Thinking about retirement and providing for your family after you have passed away can be daunting. For one, let’s be honest, it is not the most exciting, uplifting, joyous subject on which to spend any length of time. Planning for life after our demise is the classic definition of what we call, in slang terms, a “really bummer.” Second, it seems so incredibly complex. There are financial instruments for everything under the sun, and they all have names that make little to no sense. One such term is the grantor retained unitrust.
If someone asked you to define what that term meant, you would be probably tongue-tied just trying to repeat the term – unless, of course, you were experienced in trusts and estates matters. So, if you have assets that you would like to pass down to your family but do not know the best way how to think about talking to a professional. Indeed, before getting too confused about terms like grantor retained unitrust, or putting off your estate planning entirely, get an experienced person involved. Get someone who knows both the law and rules surrounding more esoteric financial instruments, and who also knows your specific estate needs.
The trusts and estates professionals at Doane & Doane are just the answer for you. Here at Doane & Doane, the premier estate planning attorneys in Palm Beach, we specialize in advanced estate planning for our clients. We can make sure that a tax-saving grantor retained unitrust as part of your plan when appropriate. To learn more, call us at 561-656-0200.
Now, we are devoting this blog to the grantor retained unitrust because it is not as complicated as it sounds.
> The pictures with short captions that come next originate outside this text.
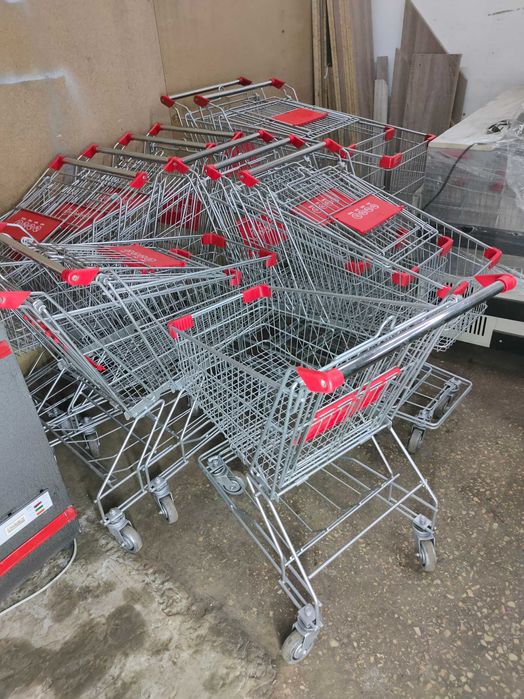 Торговые тележки покупательские для супермаркета б/у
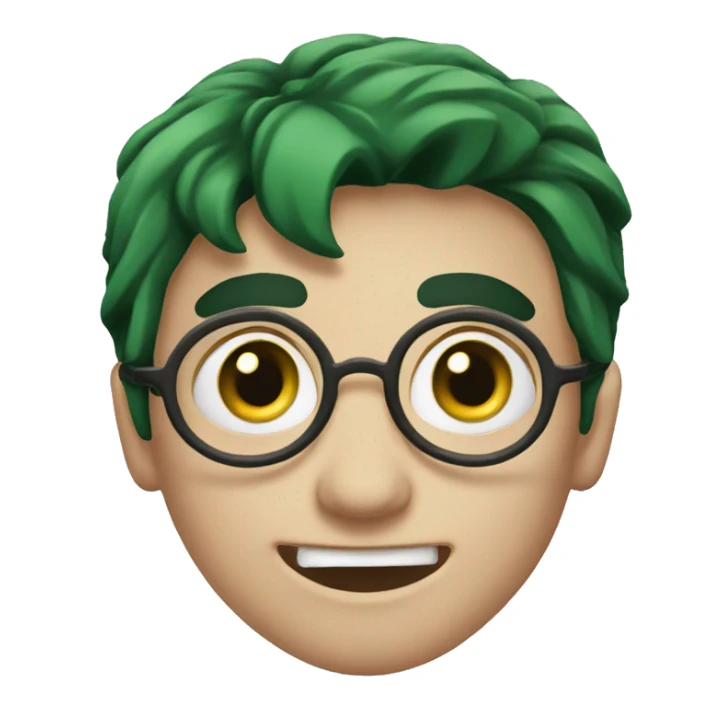 Harry potter with green eyes and lightening scar sticker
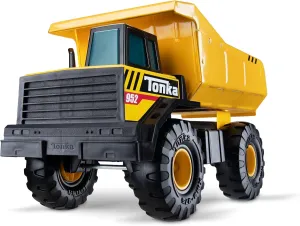 Tonka Steel Classics Mighty Dump Truck - Made with Steel & Sturdy Plastic, Yellow Toy Construction Truck, Boys and Girls, Kids, Toddlers, Ages 3 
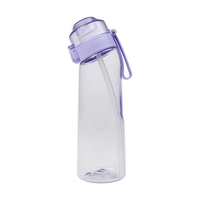Meilleures ventes de bouteilles d'eau en plastique avec logo personnalisé parfum à boire saveur de fruits tasse à air avec dosette de saveur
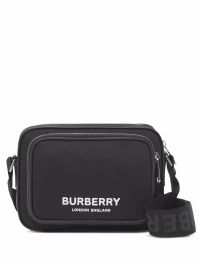 Burberry schoudertas met logoprint - zwart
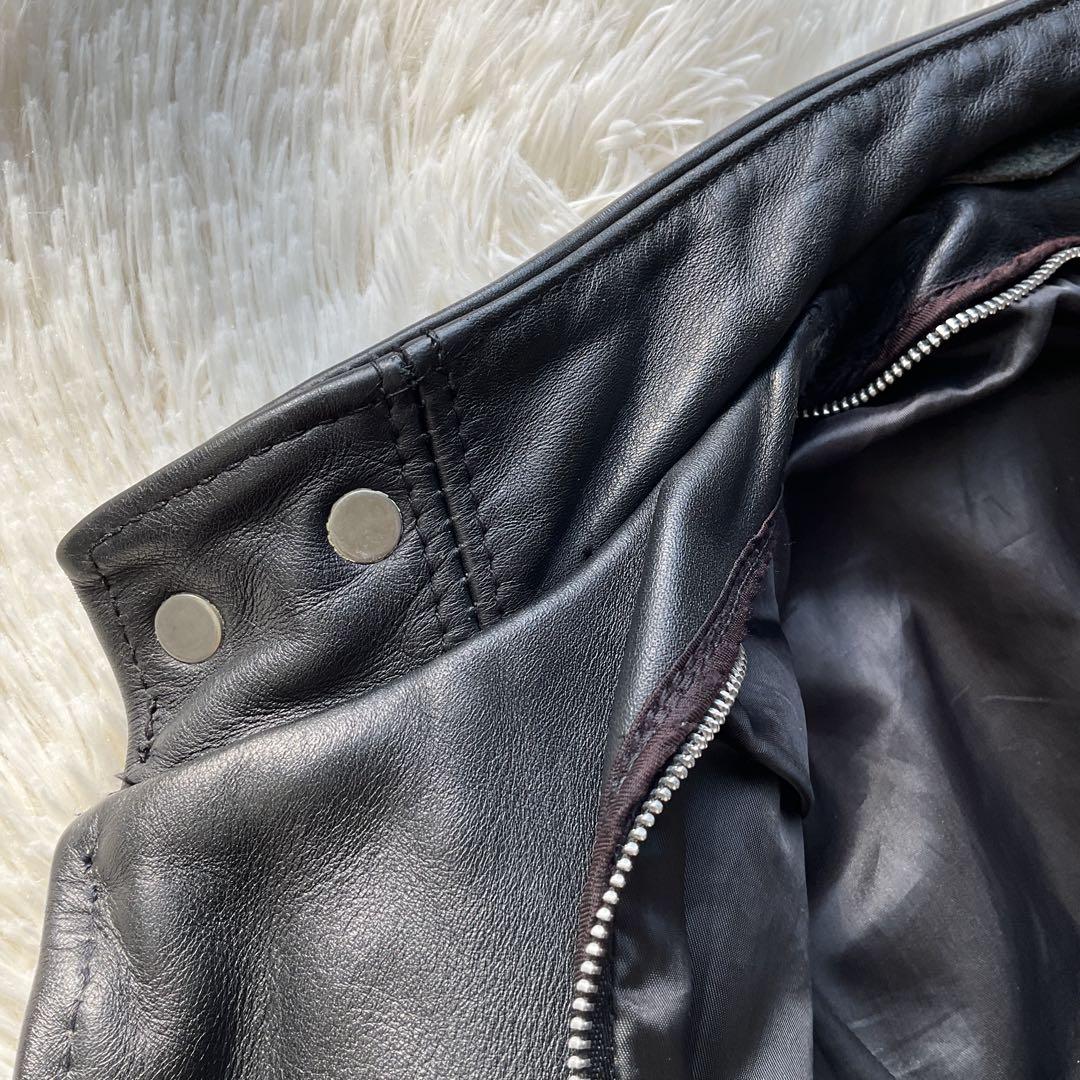 美品✨schott 641 レザージャケット　シングルライダース　本革　36 黒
In fact, if you break down that title into its component parts, you can easily understand what it is. We will also discuss here, how a grantor retained unitrust works.
The Grantor Retained Unitrust – Let’s Break it Down
A grantor retained unitrust (often abbreviated as “GRUT”) is a certain kind of trust that is not earmarked for charity and is irrevocable. It is designed for those people who want to be able to
1. Enjoy a portion of the money they put in the trust while alive, but
2. Want the remainder to go their children at death,
3. All in a single trust.
In fact, knowing that information, you can see why the instrument is called a “grantor retained unitrust.” It is “grantor retained” because the grantor (the person who puts money into the trust) can retain a portion of the trust while they are still alive. Specifically, the trust will make payments to the grantor of the trust that is equal to a fixed percentage of the trust’s value once a year.
Further, it is a “unitrust” because a single trust can both provide money to the grantor during his or her life, and also provide the assets to children at the grantor’s death. In particular, at the termination of the trust, the remaining assets in the trust pass to the trust’s beneficiaries as determined by the grantor. Normally, the beneficiaries would include the grantor’s children.
Why Would You Want a Grantor Retained Unitrust? Tax Benefits
The key element of a grantor retained unitrust is that, because of the way it is set up, there is no transfer tax assessed at the time the trust terminates and distributes to the beneficiaries.
Therefore, a GRUT is a great way in which a grantor can transfer assets to his or her heirs while saving them tax expense.
For example, say you have $1 million in securities that you want to leave to your children. Over the next decade, there is a good chance that the securities will substantially increase in value, possibly being worth $4 million at the end of ten years. That increase in value could mean significant federal estate tax liability for you depending on the size of your estate and the applicable tax rate at the time you pass away.
You want to avoid as much estate and gift taxes as possible on that additional money. Of course, you could give the assets to your kids now to avoid the estate and gift taxes. But, let’s say that you still want to use a portion of the income for yourself while you are still alive.
That is where a GRUT comes in handy. You could transfer the $1 million to an irrevocable trust to last for a certain period of time, say ten years. Over those ten years, you as the grantor receive (or “retain”) an annual income from the trust – that is the “grantor retained” part. After the ten years are up the assets in the trust pass to your beneficiaries tax-free.
How do the Beneficiaries Obtain a Tax Break?
The tax benefit comes because the moment you create the trust is the same moment that a taxable gift has been made to your beneficiaries. Why? Because the trust is irrevocable, which means you cannot generally take it back. So, you have, for tax purposes, given the money in the trust away when you created the GRUT.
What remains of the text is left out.